Caption-style text data:
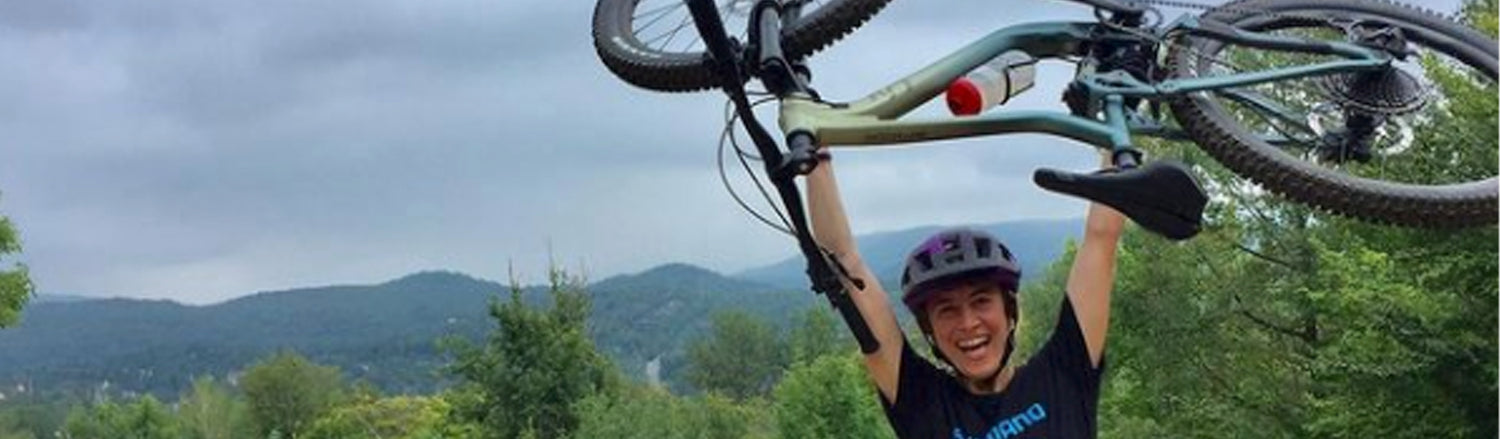 Liv women's mountain bike held over a riders head in excitement over the great trails in the Upper Peninsula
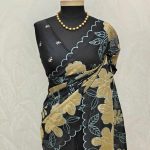 Organza with oversized floral applique and leafy vine embroidery.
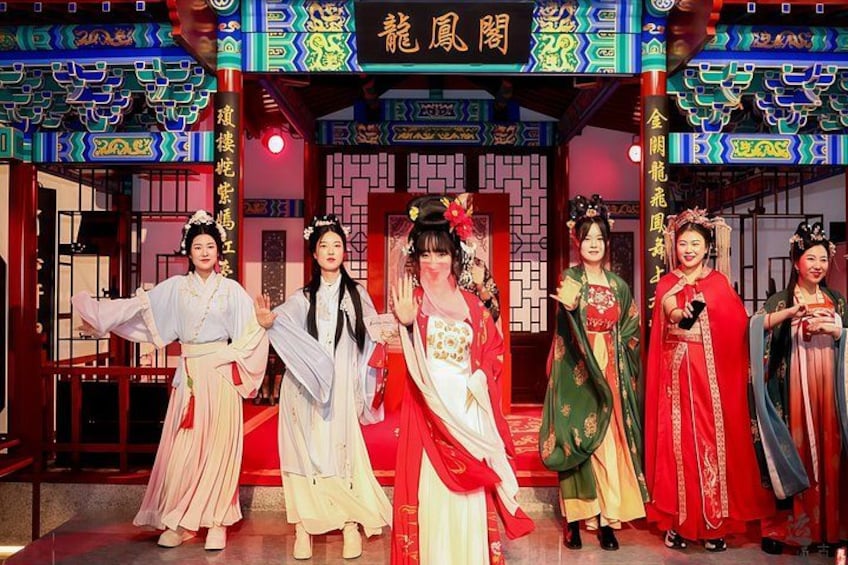 A group of people in traditional Chinese attire performing on a stage with a backdrop of Chinese architecture. 1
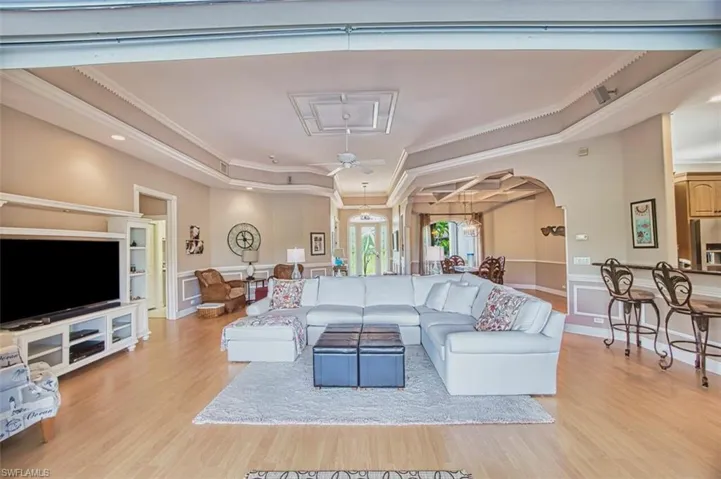 Living area featuring arched walkways, light wood-style flooring, crown molding, and ceiling fan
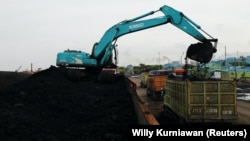 Sebuah alat berat terlihat mengeruk batu bara untuk dipindahkan ke dalam truk-truk pengangkut di Pelabuhan Karya Citra Nusantara di Jakarta Utara, pada 13 Januari 2022. (Foto: Reuters/Willy Kurniawan)
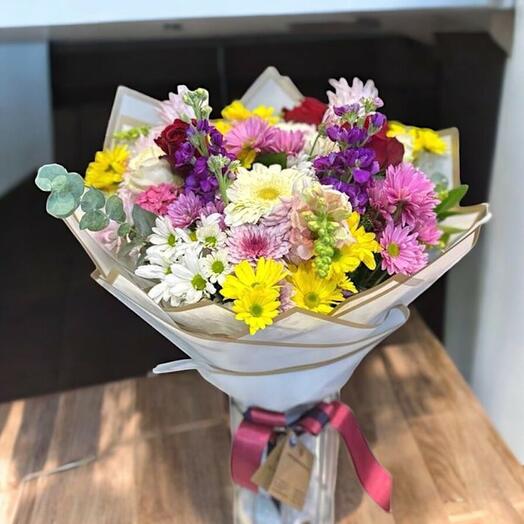 Colorful wildflowers and roses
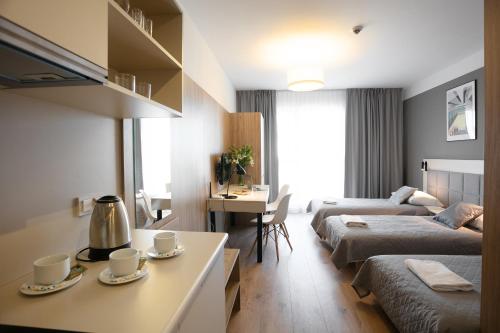 een hotelkamer met 2 bedden en een tafel met kopjes bij Apartments "Wolska Residence" in Warschau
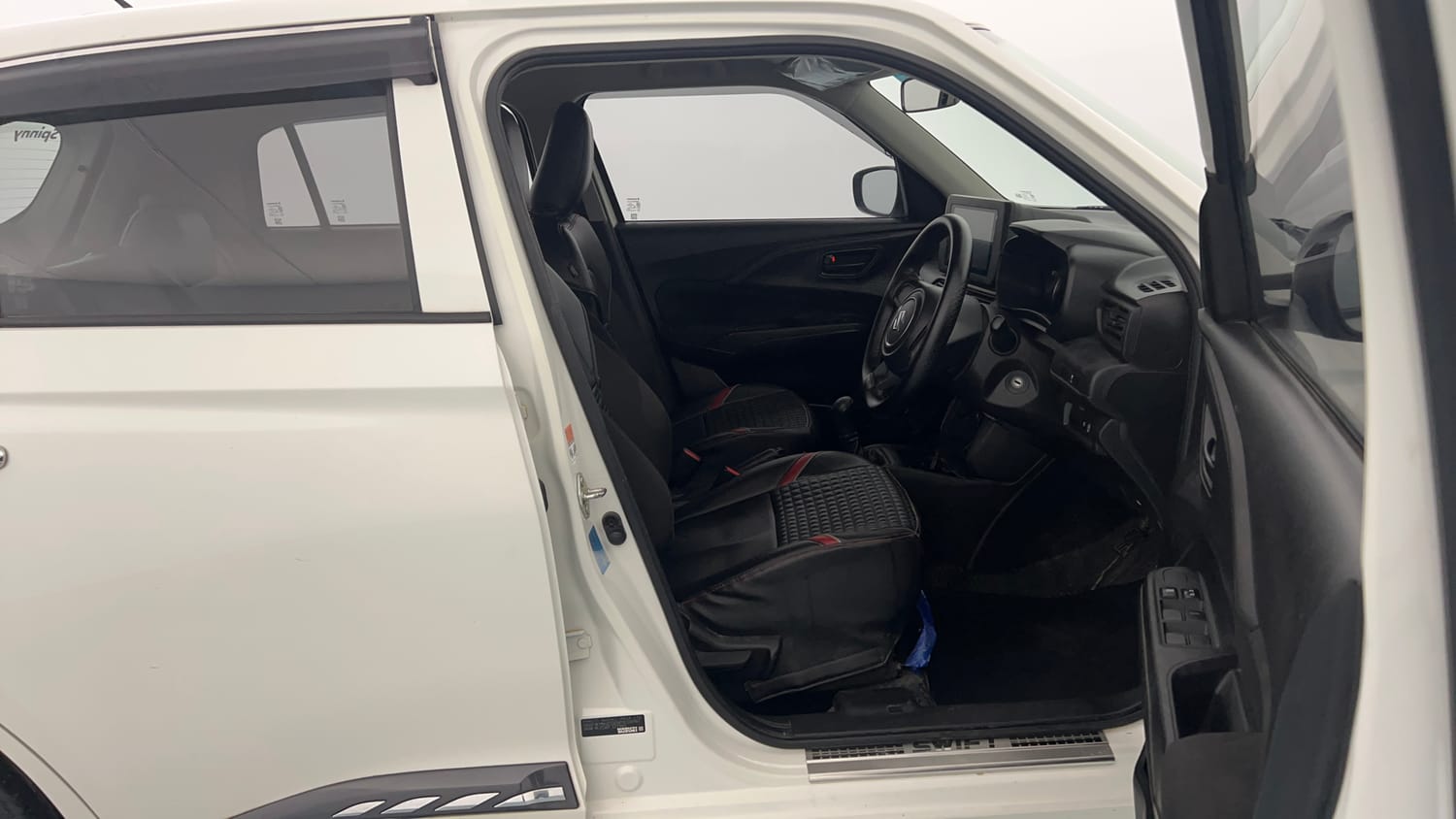 Used 2025 Maruti Suzuki Swift LXi Petrol Manual interior RIGHT SIDE FRONT DOOR CABIN VIEW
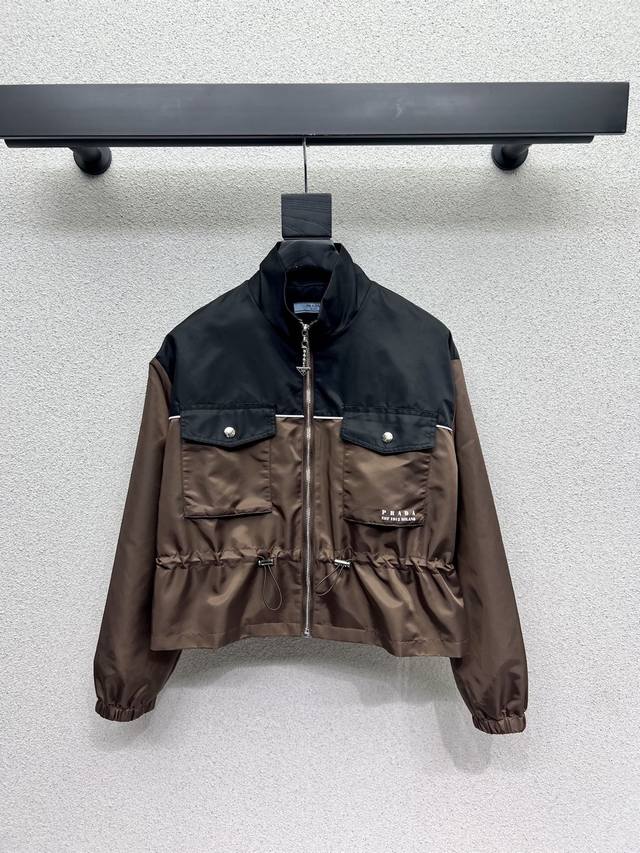 p's contrasting color waisted nylon jacket is a fashionable must-have item. It i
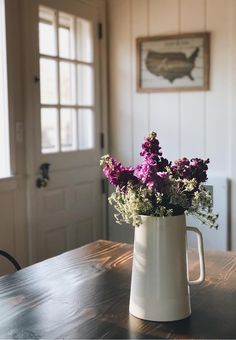 purple flowers in a white pitcher sitting on a wooden table next to a door and window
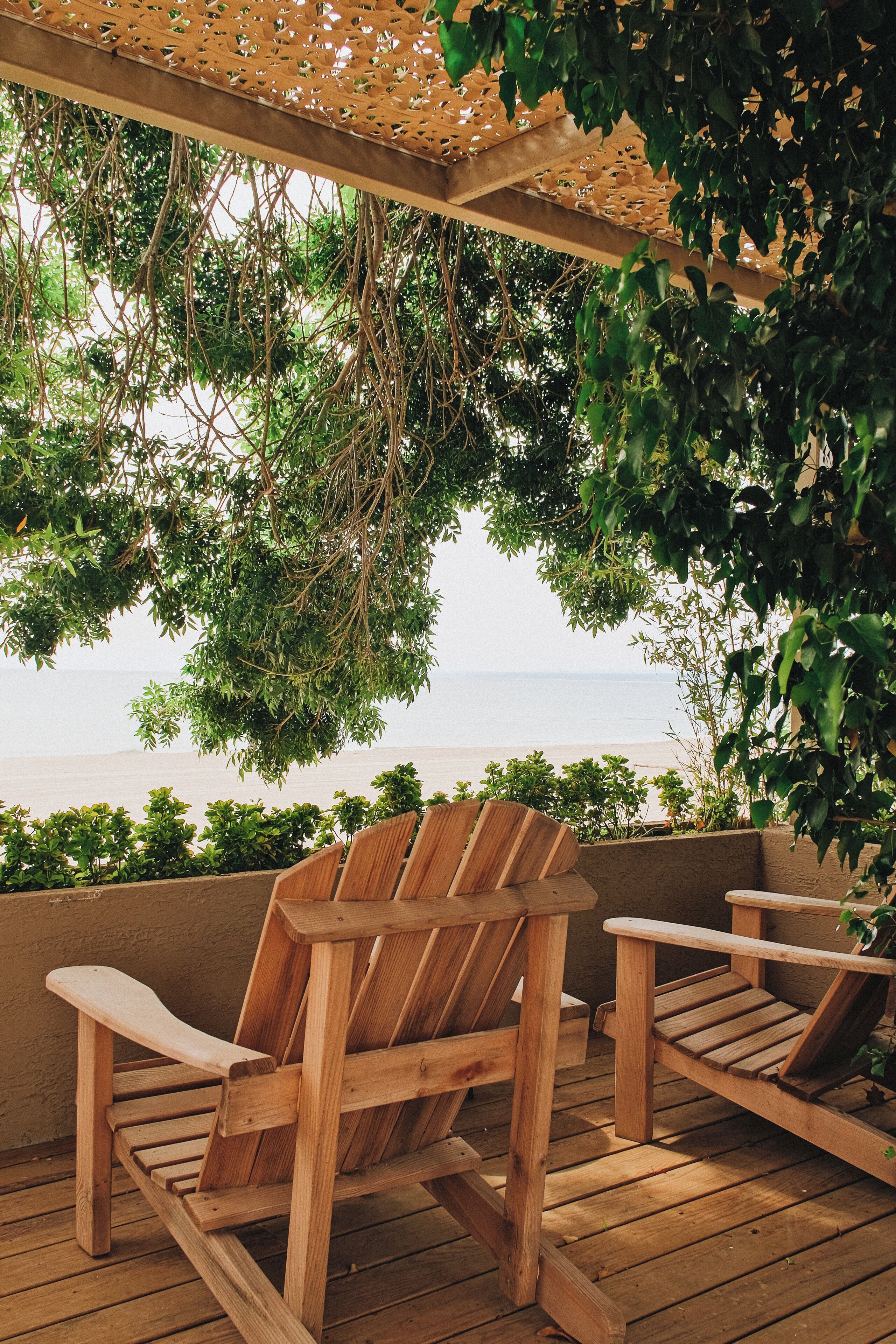 Una terraza de madera con dos sillas Adirondack con vista a la playa.
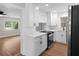 Updated kitchen featuring stainless steel appliances, white cabinets, and new countertops at 404 Courtney Dr, Temple Terrace, FL 33617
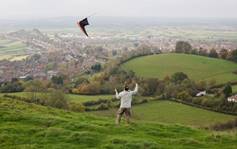 A man flying a kite on top of a hill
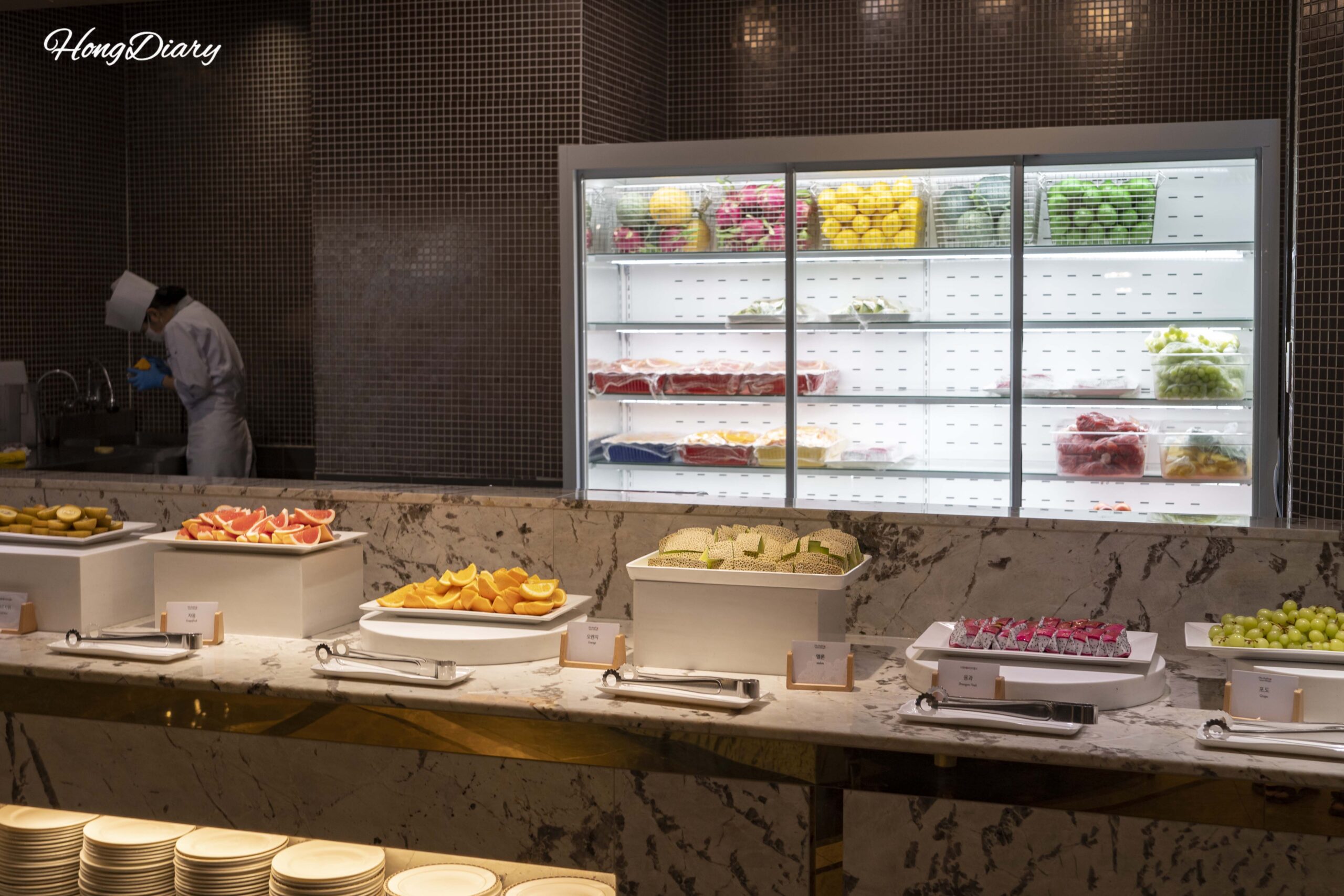 Estación de frutas frescas en The Buffet at Inter-Burgo Daegu con kiwi, melón y uva shine muscat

The problem:
Your answer must be the exact lines from the records above, from the one containing "een hotelkamer met" through the one containing "A man flying a kite on top of a hill", both included, with every picture left out.

Exercise output:
 een hotelkamer met 2 bedden en een tafel met kopjes bij Apartments "Wolska Residence" in Warschau
 Used 2025 Maruti Suzuki Swift LXi Petrol Manual interior RIGHT SIDE FRONT DOOR CABIN VIEW
 p's contrasting color waisted nylon jacket is a fashionable must-have item. It i
 purple flowers in a white pitcher sitting on a wooden table next to a door and window
 Una terraza de madera con dos sillas Adirondack con vista a la playa.
 Updated kitchen featuring stainless steel appliances, white cabinets, and new countertops at 404 Courtney Dr, Temple Terrace, FL 33617
 A man flying a kite on top of a hill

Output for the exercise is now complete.